The third existential question which a good theology must answer is what happens to me when I die?


The answer that you will go to heaven and be able to have sex with 72 virgins or do other wonderful things in heaven leads to suicide bombers who are willing to martyr their lives for the sake of a political cause. Same thing happened in the crusades when the Popes promised a free pass to heaven for people who died in the holy wars. After my kids were killed, my wife wanted to die so she could be with her children in heaven. She questioned me, "If heaven is so wonderful, why can't I die to be with Ryan and Brigid?" The answer is because murder is a mortal sin, even self murder and you will be in hell not in heaven with your children. Is this a good answer? Would this theology prevent suicide? Is it true?


Based on the laws of physics as far as I know with my limited understanding, our energy is released back into the cosmos. We become one with the all. Is there a personal consciousness after death? I don't see how there can be with no electricity to run the computer. So is this all there is?


Well there is our legacy: physical, psychological, and social for a while any way. And after 300 years or 3,000 years? Probably nothing.


If this life is all there is for a personal consciousness what does that mean for how I live my life? It means I should try to live the best life I can while I'm here and help others do the same. Should I sacrifice myself so I can win points in the hereafter? No probably not. Should I sacrifice myself because it gives meaning to my life here? Perhaps.


Should we teach our kids that they will go to heaven, and relatives go to heaven, and animals go to heaven? It is a comforting thought which takes the sting out of death.


Christians are told that Jesus' ressurection demonstrates a triumph over death. I never understood this. Buddhists are told that with enlightenment they are liberated from the wheel of samsara and don't have to be reincarnated to do life again hoping they will get it right next time.

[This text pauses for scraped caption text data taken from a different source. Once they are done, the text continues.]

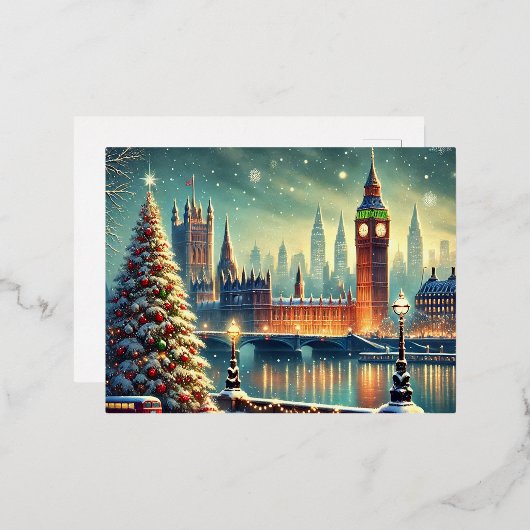 スノーイビッグベン&フェスティバルロンドンスカイライン 箔シーズンポストカード (正面/裏面)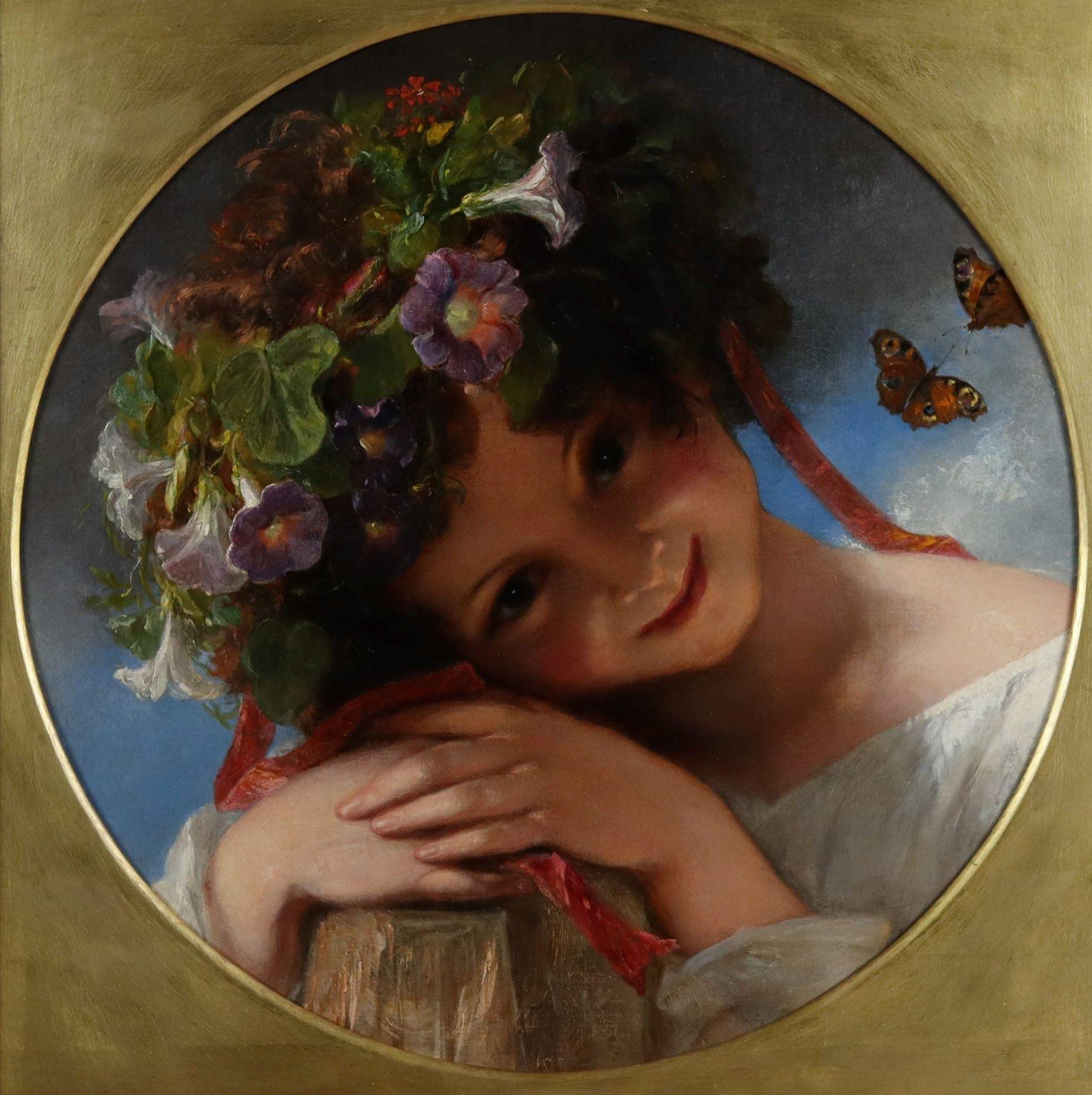 A Young Girl Wearing a Garland of Flowers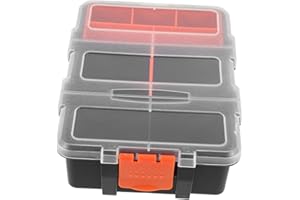 Didiseaon Portable Plastic Screw Storage Organizer Box with Lid Compact Compartment Tool Storage for Screws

A theology of death is very important for how we live, the decisions we make, the rationale that we develop for our experience of loss.

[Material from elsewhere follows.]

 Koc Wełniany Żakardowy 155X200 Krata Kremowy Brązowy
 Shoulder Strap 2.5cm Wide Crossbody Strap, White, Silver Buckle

Our Universalist heritage teaches that we all are going to heaven, a merciful God would not condemn anybody, even a Hitler. We do believe in the inherent worth and dignity of every person and the interdependent web of existence. This should teach us that every life is precious and that we each are a part of something bigger than ourselves.


The spiritual practice of grieving, and comforting the mourning, and providing solace to the abandoned and lonely is very important. The spiritual practice of anticipating our own good deaths, and providing comfort to others who are dying teaches us the preciousness of life and the dignity of the person. Contemplating death, paradoxically, can help us live life with gratitude, awareness, and a savor which would otherwise be missing.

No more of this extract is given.